■ Try it
Match on the string "Charm" in the entries below and return every matching line.

[Saved entries]

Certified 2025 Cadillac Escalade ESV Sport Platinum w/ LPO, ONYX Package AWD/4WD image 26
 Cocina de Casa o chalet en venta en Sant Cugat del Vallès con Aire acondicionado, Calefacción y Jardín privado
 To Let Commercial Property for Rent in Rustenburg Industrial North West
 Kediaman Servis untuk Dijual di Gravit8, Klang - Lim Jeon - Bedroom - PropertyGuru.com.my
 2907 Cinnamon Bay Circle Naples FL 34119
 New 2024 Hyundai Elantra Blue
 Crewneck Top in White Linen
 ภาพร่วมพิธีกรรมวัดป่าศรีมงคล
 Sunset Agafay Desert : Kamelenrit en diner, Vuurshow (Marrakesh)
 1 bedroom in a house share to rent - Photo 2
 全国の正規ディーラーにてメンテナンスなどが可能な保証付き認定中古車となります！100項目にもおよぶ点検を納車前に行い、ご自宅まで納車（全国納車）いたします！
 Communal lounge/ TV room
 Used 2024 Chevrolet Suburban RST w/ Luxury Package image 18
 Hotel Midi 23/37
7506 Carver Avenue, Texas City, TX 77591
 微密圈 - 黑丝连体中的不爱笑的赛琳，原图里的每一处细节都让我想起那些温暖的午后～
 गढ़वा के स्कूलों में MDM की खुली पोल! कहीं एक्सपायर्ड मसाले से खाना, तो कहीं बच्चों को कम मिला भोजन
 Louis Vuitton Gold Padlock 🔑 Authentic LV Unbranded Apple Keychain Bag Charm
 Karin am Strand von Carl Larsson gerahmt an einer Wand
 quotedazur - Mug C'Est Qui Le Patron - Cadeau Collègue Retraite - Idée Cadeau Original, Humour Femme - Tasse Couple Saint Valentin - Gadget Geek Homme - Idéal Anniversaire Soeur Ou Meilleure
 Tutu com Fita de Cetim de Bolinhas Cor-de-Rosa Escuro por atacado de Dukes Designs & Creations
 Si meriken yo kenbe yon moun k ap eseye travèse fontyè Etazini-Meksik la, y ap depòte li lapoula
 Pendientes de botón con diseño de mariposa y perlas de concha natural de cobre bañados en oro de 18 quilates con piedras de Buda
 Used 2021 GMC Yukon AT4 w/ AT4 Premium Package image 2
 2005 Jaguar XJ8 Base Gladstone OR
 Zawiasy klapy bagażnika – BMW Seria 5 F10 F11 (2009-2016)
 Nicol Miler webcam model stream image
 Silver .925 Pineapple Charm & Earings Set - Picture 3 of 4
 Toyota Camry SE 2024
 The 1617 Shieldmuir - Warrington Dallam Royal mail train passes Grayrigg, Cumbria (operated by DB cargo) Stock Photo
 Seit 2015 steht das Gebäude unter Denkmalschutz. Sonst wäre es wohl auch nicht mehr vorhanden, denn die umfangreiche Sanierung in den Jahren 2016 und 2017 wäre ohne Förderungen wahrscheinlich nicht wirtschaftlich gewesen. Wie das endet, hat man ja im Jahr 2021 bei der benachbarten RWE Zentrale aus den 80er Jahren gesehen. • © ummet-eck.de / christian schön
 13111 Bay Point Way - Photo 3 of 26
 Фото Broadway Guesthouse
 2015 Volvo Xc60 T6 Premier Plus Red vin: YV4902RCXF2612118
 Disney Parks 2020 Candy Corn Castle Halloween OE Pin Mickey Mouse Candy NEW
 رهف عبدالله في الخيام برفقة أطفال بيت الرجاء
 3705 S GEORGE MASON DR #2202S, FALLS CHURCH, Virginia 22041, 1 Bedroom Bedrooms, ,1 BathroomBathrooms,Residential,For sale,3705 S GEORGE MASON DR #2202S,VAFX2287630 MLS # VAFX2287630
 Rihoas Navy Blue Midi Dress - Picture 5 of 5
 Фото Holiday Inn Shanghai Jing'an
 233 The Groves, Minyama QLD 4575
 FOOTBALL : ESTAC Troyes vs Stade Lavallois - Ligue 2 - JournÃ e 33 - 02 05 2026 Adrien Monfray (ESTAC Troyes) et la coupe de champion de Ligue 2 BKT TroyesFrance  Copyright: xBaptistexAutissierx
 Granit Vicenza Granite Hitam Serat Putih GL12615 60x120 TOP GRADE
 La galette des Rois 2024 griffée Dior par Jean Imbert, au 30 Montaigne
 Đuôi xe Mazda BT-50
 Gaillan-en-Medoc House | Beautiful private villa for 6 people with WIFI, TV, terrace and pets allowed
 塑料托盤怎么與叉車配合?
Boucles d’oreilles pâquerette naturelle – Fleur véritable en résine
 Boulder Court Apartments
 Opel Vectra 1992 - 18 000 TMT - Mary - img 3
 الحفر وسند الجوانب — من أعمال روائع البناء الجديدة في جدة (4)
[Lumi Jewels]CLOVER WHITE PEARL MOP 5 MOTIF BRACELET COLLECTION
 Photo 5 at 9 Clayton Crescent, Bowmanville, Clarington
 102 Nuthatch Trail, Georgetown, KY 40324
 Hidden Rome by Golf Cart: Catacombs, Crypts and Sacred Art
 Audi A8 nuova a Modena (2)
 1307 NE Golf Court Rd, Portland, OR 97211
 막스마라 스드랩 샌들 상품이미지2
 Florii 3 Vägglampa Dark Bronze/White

■ Task response
 Louis Vuitton Gold Padlock 🔑 Authentic LV Unbranded Apple Keychain Bag Charm
 Silver .925 Pineapple Charm & Earings Set - Picture 3 of 4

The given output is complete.